Cecil Gains (the butler of the title played by Forest Whitaker) is based on Eugene Allen, the real-life butler who served eight presidents over a span of 34 years. Daniels and Strong worked from an article about Allen, “A Butler Well Served By This Election” by Wil Haygood, and used it to discuss three main talking points: the Civil Rights Movement, the rift between a Father and Son, and how blacks are seen and see themselves in white society. Beginning with Cecil as a young boy on a cotton plantation, Earl Gaines (David Banner) tells his son, “This is the white man’s world; we just live in it.” Proof of this statement is horrifically acted out in front of eight-year-old Cecil (Michael Rainey Jr.) when a plantation owner (Alex Pettyfer) takes Cecil’s mother (Mariah Carey) and rapes her in a nearby shed.
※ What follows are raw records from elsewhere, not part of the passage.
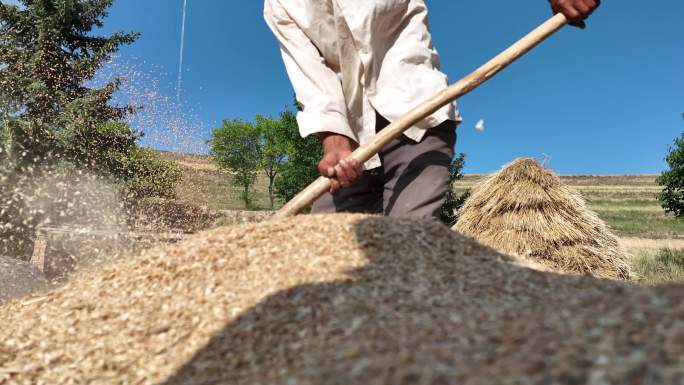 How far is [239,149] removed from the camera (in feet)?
163

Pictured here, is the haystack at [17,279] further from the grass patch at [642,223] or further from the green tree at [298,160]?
the green tree at [298,160]

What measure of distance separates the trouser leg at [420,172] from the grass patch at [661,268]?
20.1 ft

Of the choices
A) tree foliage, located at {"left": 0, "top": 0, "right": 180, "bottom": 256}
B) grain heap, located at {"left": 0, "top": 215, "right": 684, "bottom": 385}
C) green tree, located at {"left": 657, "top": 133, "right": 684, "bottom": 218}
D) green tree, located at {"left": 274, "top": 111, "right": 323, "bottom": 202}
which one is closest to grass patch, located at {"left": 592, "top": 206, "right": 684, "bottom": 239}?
green tree, located at {"left": 657, "top": 133, "right": 684, "bottom": 218}

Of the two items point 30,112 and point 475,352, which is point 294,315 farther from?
point 30,112

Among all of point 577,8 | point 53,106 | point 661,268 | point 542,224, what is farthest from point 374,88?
point 53,106

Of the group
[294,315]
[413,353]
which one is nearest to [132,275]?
[294,315]

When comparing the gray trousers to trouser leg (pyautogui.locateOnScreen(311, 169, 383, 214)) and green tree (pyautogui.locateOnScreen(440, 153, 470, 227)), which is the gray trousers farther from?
green tree (pyautogui.locateOnScreen(440, 153, 470, 227))

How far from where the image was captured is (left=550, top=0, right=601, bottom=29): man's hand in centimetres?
292

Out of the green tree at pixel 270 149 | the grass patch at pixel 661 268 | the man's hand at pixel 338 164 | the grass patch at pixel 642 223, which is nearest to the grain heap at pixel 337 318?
the man's hand at pixel 338 164

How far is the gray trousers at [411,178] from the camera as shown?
3.02m

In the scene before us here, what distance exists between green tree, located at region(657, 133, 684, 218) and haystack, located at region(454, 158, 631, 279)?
6828mm

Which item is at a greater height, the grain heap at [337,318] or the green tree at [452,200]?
the green tree at [452,200]

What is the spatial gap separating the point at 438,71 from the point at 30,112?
41.2 ft

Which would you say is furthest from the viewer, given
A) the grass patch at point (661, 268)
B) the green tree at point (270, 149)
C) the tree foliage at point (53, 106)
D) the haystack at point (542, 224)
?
the green tree at point (270, 149) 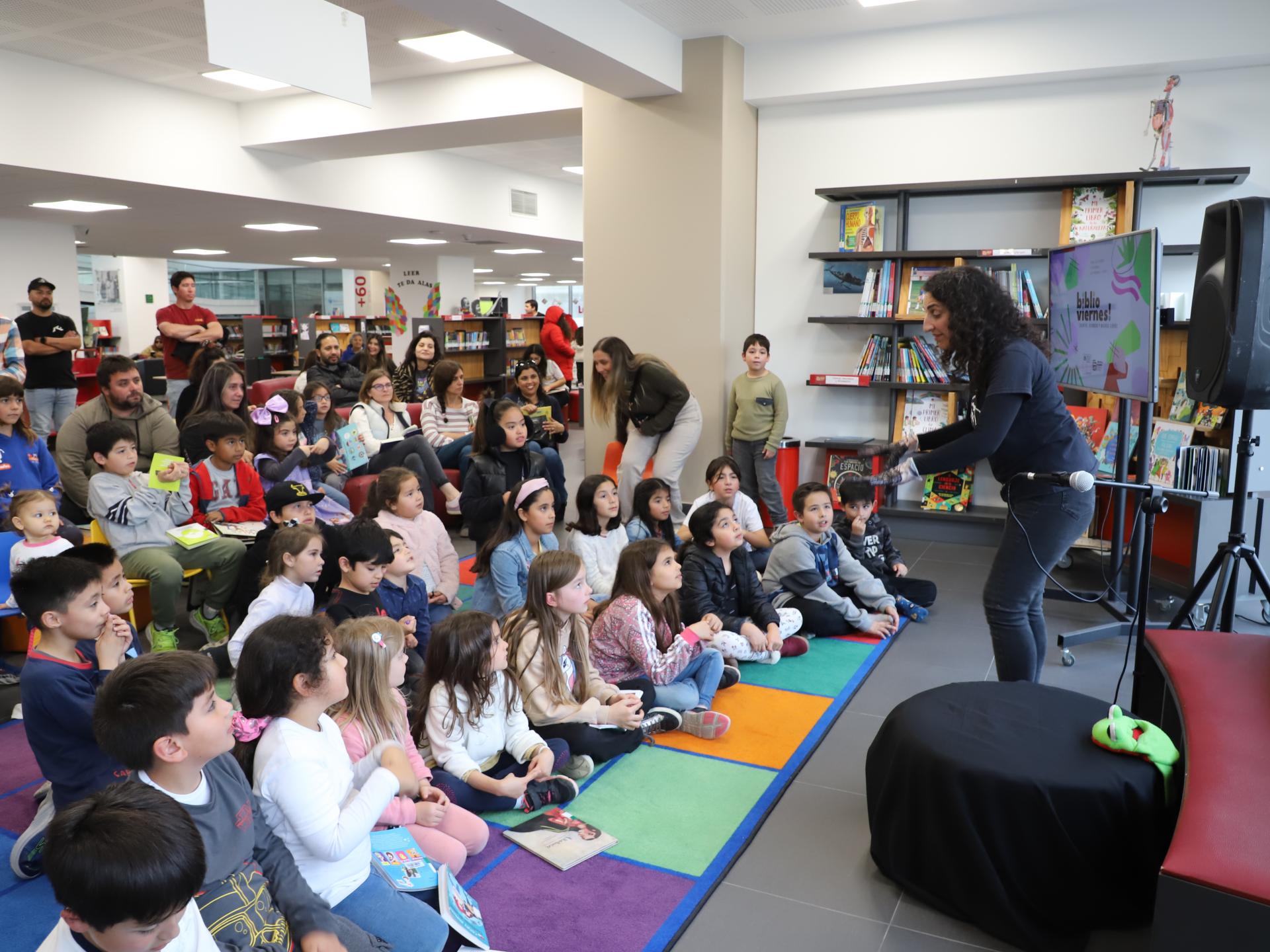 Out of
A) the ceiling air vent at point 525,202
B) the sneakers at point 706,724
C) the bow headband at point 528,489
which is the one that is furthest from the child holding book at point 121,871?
the ceiling air vent at point 525,202

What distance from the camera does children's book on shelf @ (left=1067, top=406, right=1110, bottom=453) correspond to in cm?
525

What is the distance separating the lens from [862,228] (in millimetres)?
6328

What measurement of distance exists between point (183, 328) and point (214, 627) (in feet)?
11.0

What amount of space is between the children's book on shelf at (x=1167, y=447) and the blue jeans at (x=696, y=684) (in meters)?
2.79

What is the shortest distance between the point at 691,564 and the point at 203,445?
2.57 m

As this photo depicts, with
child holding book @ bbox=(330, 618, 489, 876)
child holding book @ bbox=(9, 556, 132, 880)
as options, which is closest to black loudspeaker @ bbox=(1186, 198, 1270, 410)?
child holding book @ bbox=(330, 618, 489, 876)

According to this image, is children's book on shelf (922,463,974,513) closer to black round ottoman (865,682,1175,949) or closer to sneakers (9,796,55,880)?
black round ottoman (865,682,1175,949)

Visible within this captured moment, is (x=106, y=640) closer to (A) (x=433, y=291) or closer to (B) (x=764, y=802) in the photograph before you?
(B) (x=764, y=802)

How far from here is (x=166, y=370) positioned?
7270 millimetres

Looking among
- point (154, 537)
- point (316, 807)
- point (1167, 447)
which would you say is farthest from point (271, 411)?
point (1167, 447)

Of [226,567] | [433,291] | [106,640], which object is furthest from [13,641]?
[433,291]

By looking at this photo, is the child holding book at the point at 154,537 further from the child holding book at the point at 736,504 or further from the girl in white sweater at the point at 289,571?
the child holding book at the point at 736,504

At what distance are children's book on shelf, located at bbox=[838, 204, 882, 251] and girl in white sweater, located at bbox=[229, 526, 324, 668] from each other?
4230 millimetres

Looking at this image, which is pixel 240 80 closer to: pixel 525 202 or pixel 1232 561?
pixel 525 202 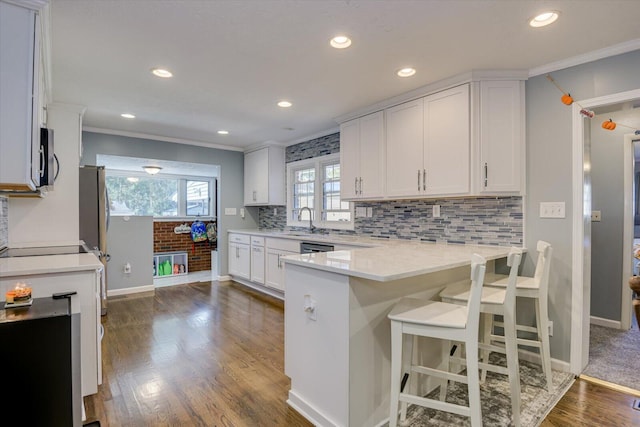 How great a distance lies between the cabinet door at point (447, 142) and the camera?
2760mm

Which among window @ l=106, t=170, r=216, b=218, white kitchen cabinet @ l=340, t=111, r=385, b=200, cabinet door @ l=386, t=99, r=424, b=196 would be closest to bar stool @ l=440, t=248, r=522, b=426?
cabinet door @ l=386, t=99, r=424, b=196

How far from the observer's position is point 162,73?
2752mm

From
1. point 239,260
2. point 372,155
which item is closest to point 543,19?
point 372,155

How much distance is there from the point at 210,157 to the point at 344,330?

When the man emerges, Earl speaks one word to him and is shot dead. There is no question that Cecil knows whose world this is. The Plantation Mother (Vanessa Redgrave) takes pity on Cecil and moves him into the house, and teaches him to serve. Cecil never goes to school, but he grows up refined and educated. He learns two very important lessons, one as a server, “A room should feel empty when you’re in it,” and a survival lesson, a black man must have two faces he shows the world, one for blacks and one for whites.
Cecil is a fast learner and works his way from one hotel to the next, eventually landing a gig as a butler at The White House. He first serves under Eisenhower (Robin Williams), and even though he is virtually invisible to the people he waits on, Cecil is a personality that cannot be ignored. Every President he serves engages him at some crucial moment in history. Cecil manages to sway them not with impassioned speeches or folksy wisdom but by restrain, reserve, and manners. This is the face that he shows white people, not just a servant’s face, but not another lunatic, angrily screaming and shouting, frightening all around him. He can control his temper and can pick the moment to speak and when to hold his tongue. He changes their minds by knowing his place.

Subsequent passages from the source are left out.